The homes are among more than 2,000 in the Sighthill area let by Glasgow City Council to the National Asylum Support Service (NASS).

The organisation brings asylum seekers to Scotland, but many prefer to remain in London.

NASS pays the council 230 per week for family accommodation and 170 a week for single units.

Many want to stay in London because there are larger ethnic groups there which they want to be part of.

Glasgow Council spokesman
The council still receives money from NASS if the flats are empty, although at a slightly lower rate, because the total sum is meant to cover heating, lighting and council tax.

Of the 2,171 homes let so far, a total of 1,357 have been occupied leaving more than 800 empty.

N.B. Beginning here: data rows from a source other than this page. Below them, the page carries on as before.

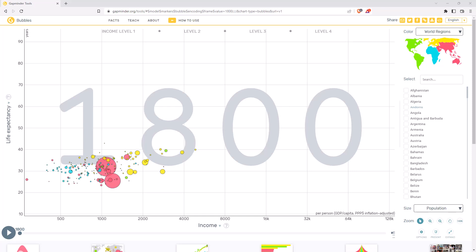Hi friend, welcome back to the channel. Today we are looking at how we can animate a ggplot in R. The way that we are going to do it is by trying to replicate something similar to this, which is on the Gapminder site.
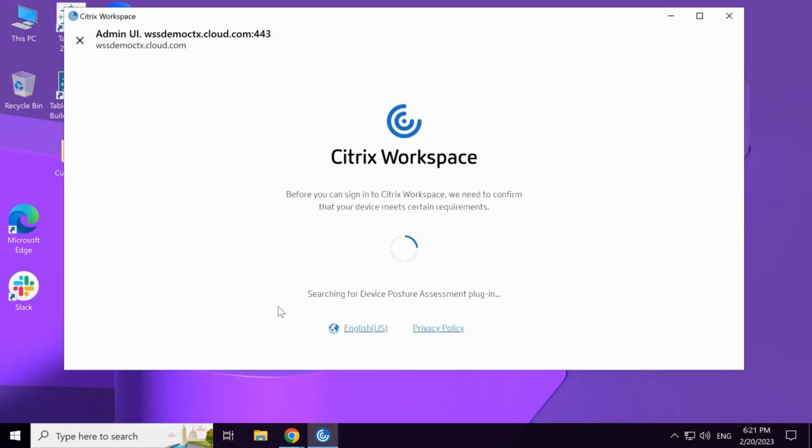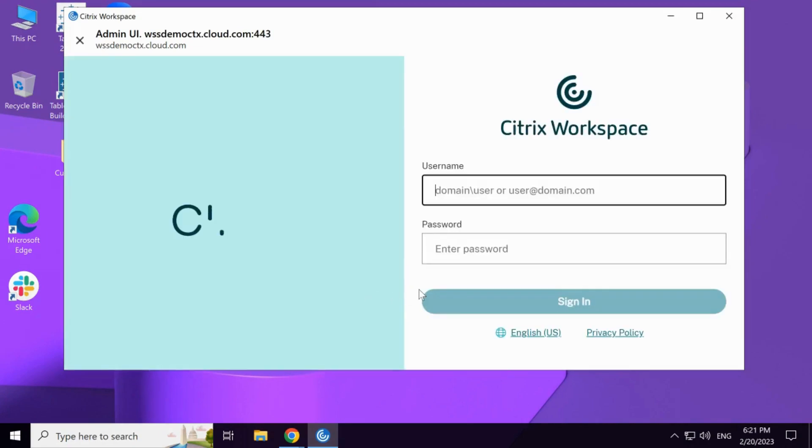Now, we are expecting the system to categorize the device as non-compliant and allow the end user to log in with restricted access to Citrix Workspace resources.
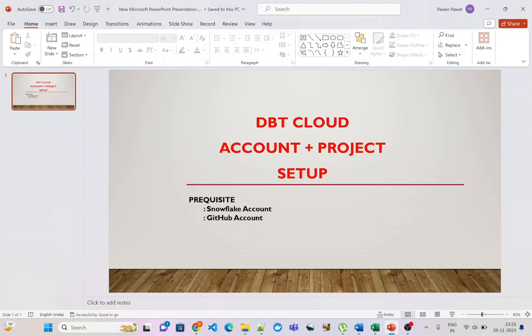Hello friends, welcome to my channel. Today is the first video of a new playlist on dbt.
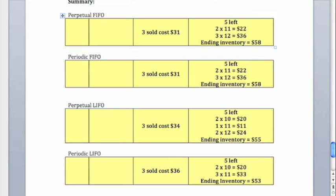Hopefully this ended up providing you with a little bit of extra help regarding these inventory problems for chapter six.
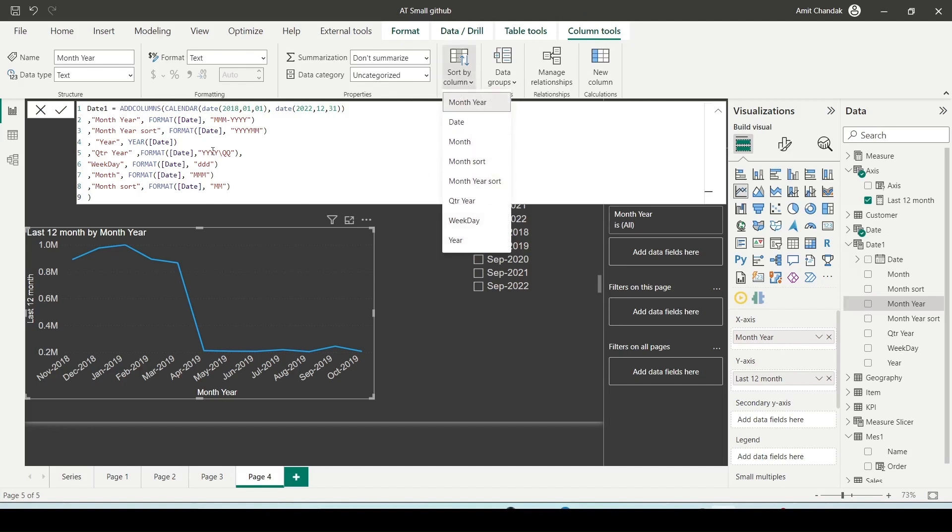Identify a column that can do accurate sorting. In this case, it's the month year sort column that will do that, formatted as YYYYMM.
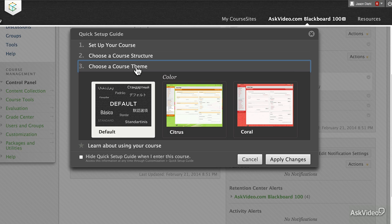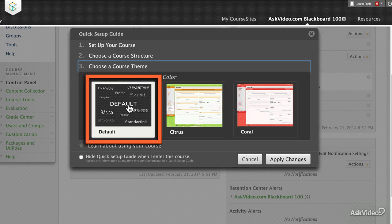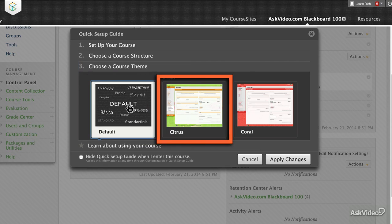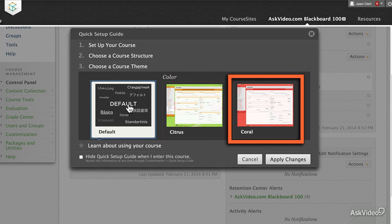There are three basic course themes that you can select from using the Course Sites tools for Blackboard. They are Default, Citrus, and Coral.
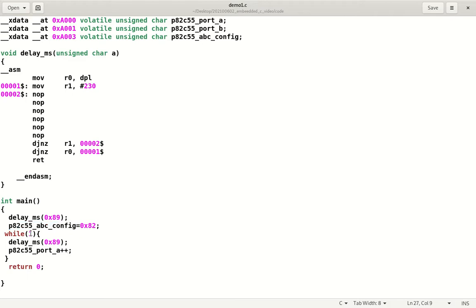We want to do that forever, so we say while(1) - basically while true, which is forever true. We have a delay and then we increment the port A value. If the port A value reaches the highest possible value for an unsigned character, the register will start from zero again - that is part of the definition. This will go on forever and we will never reach the return statement. The return is just here to avoid a warning message from the compiler.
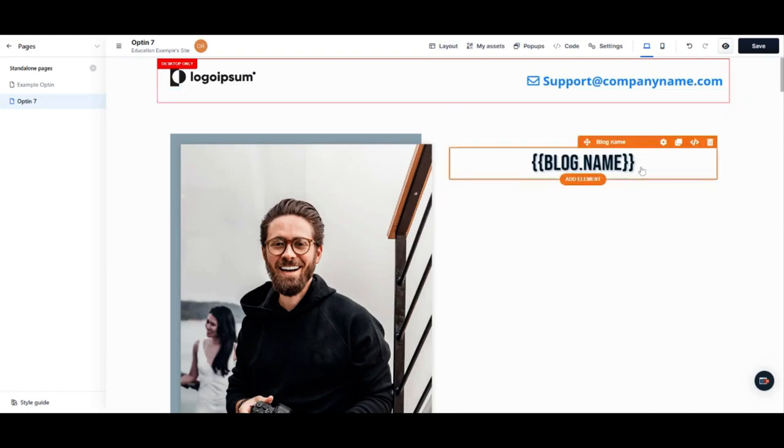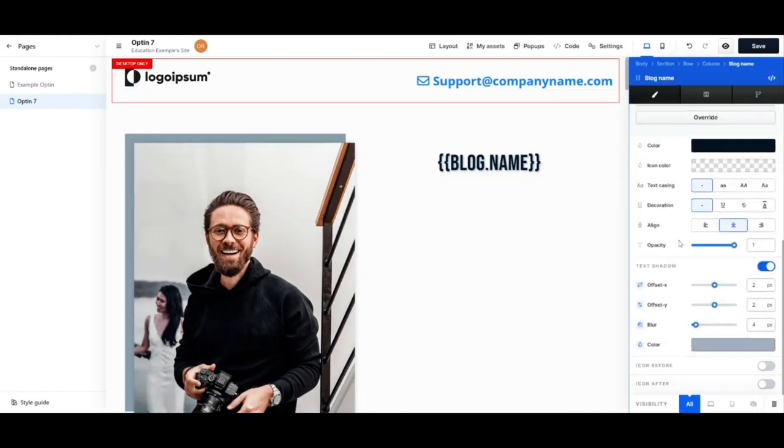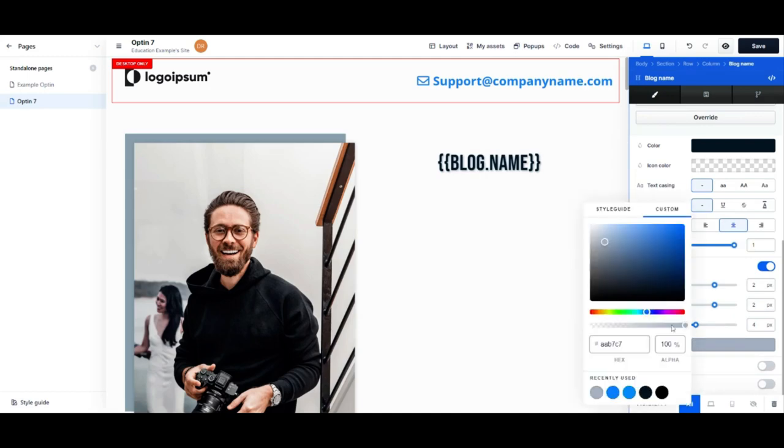In the editor, move your mouse over the element you would like to edit and select the settings button. Then scroll down until you reach the text shadow settings. Click the color menu and you can select the shade using the grid and the hue using the slider below.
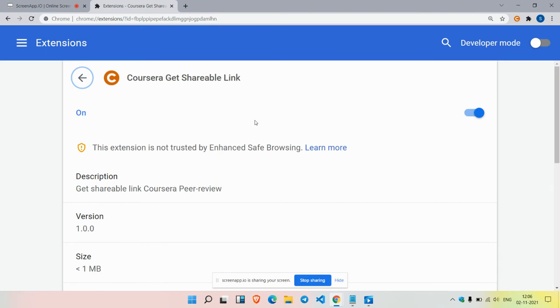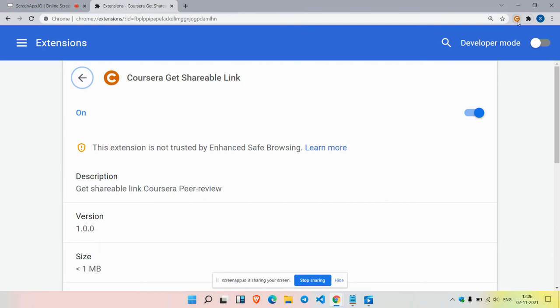We can download from Google directly by searching for 'Coursera Get Shareable Link,' which we see on the screen. By simply typing in Google, we can download the extension and add the web extension to your browser.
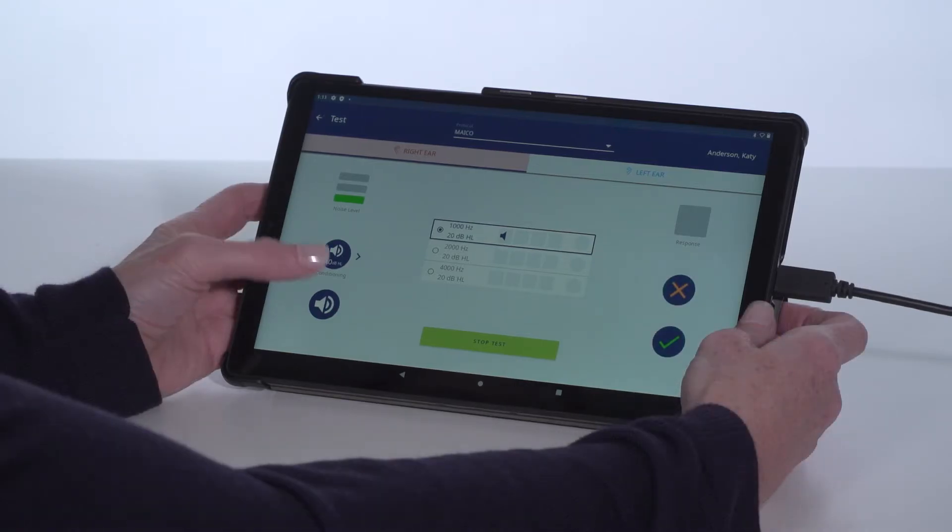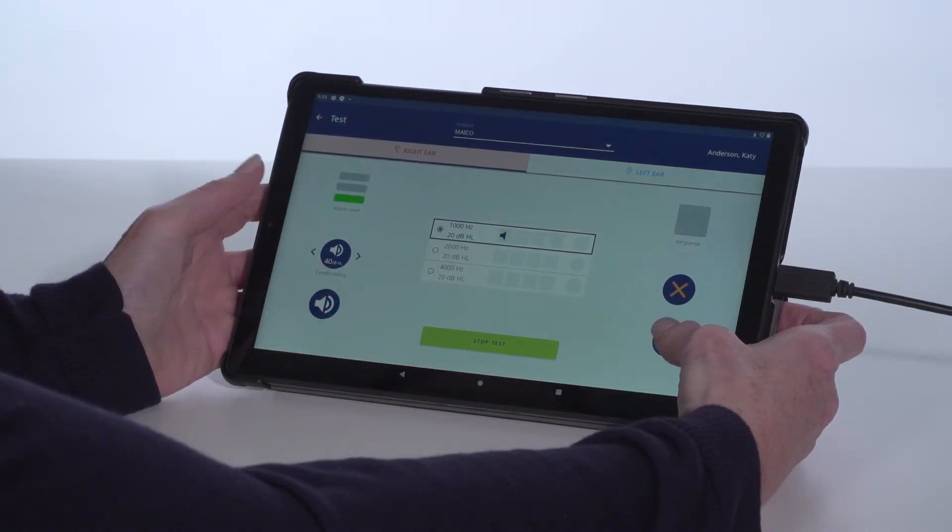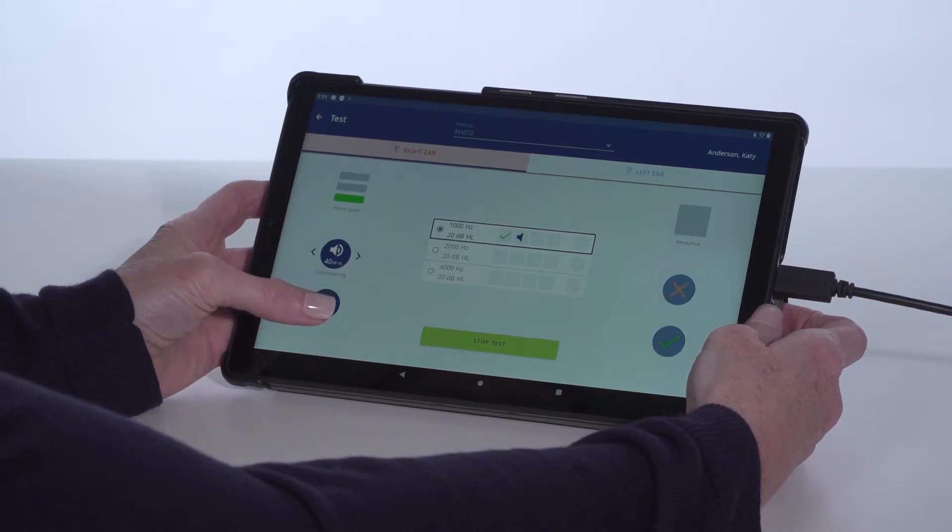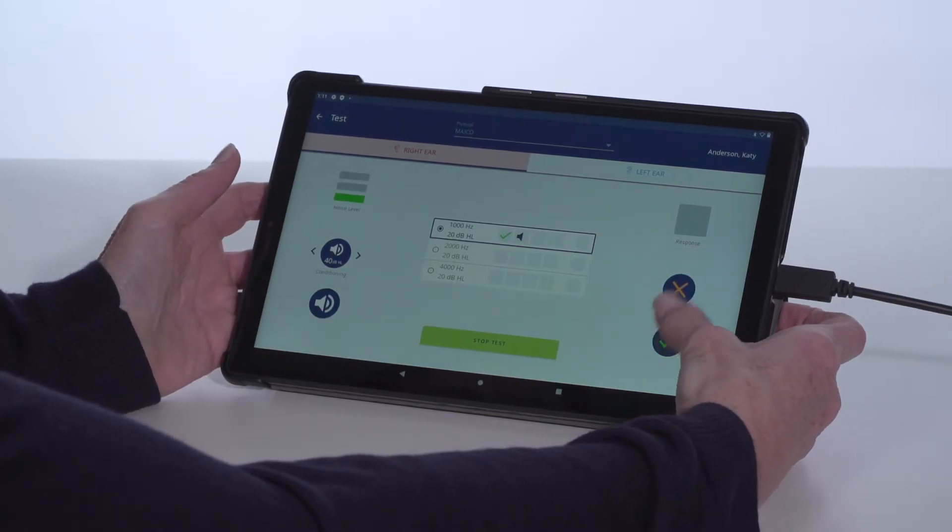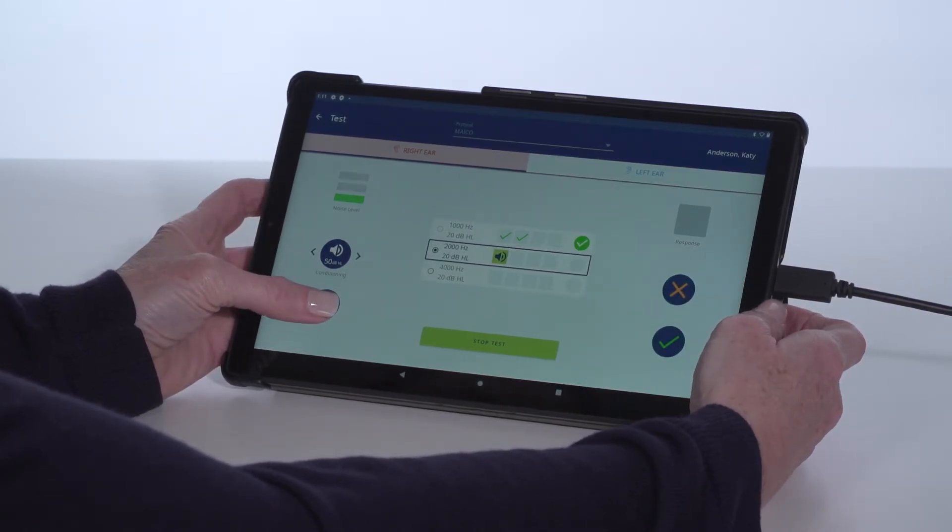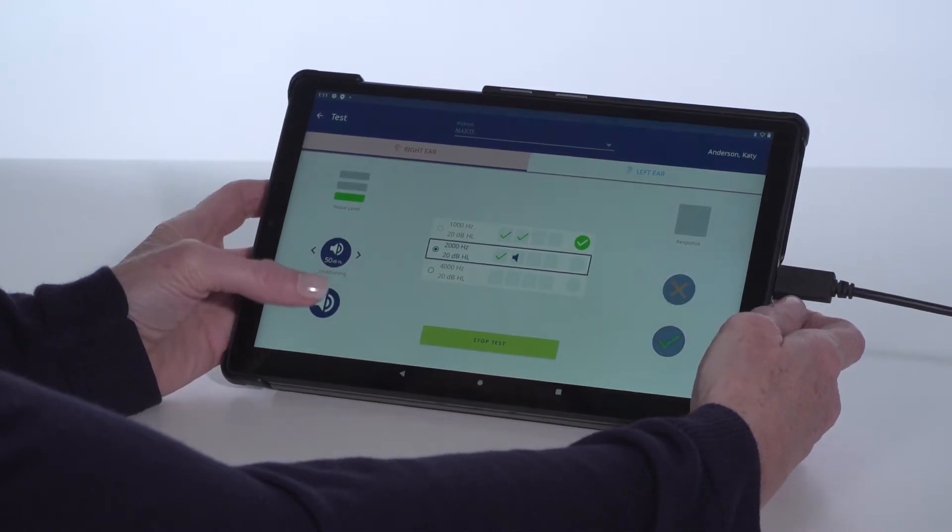When the subject is ready for the hearing screening level, touch the Present key and score the subject's response with the checkmark for Heard or an X for Didn't Hear. This is captured for each frequency.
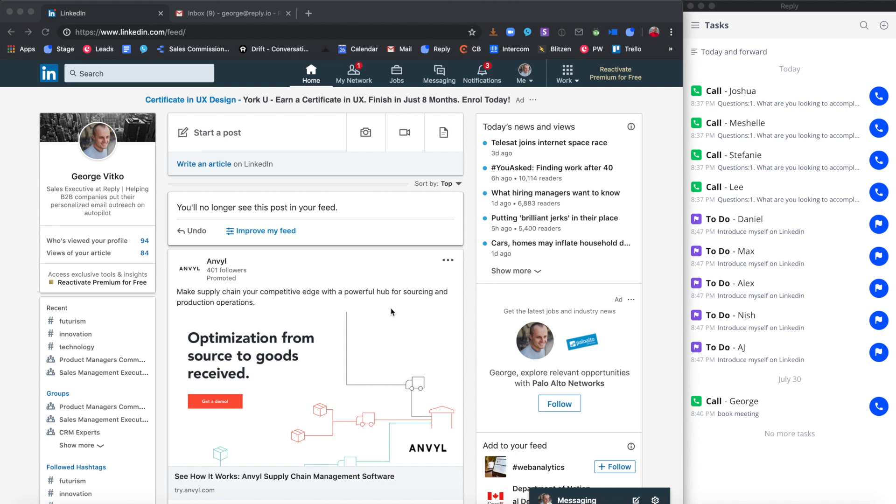Reply's Chrome extension allows you to discover and engage prospects on the web. With the new Reply Chrome extension, you can discover your potential prospects on LinkedIn, Gmail, or just by browsing the web.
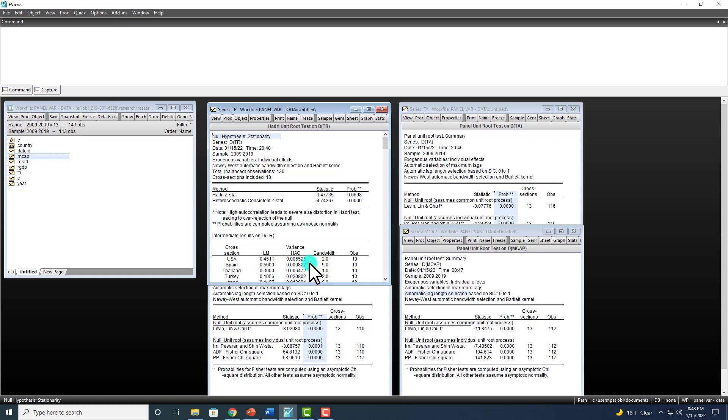But now, having identified series that are integrated of the first order, meaning stationary after first difference, those would be the variables to be considered in a co-integration test. In this case, in a panel co-integration test.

Under the council's five-year contract with NASS, officials make sure the houses, which are already empty, are in a fit state to receive refugees spending money on decoration, furnishing and safety checks.

The council is one-year into the contract and expects all the flats will be filled by this August.

Interpreting services

A council spokesman said he did not believe asylum seekers were reluctant to come to Glasgow because of a recent spate of racially-motivated attacks on refugees.

He said: "Many want to stay in London because there are larger ethnic groups there which they want to be part of."

The spokesman also defended the fact the council receives money for flats which are empty.

He said the flats needed to be ready and waiting for the asylum seekers and that the council had had to budget for services for the refugees such as extra teachers, interpreting services and a 40-strong asylum support team.

He said: "We are not making a profit, this money is being spent on dealing with asylum seekers coming into the city."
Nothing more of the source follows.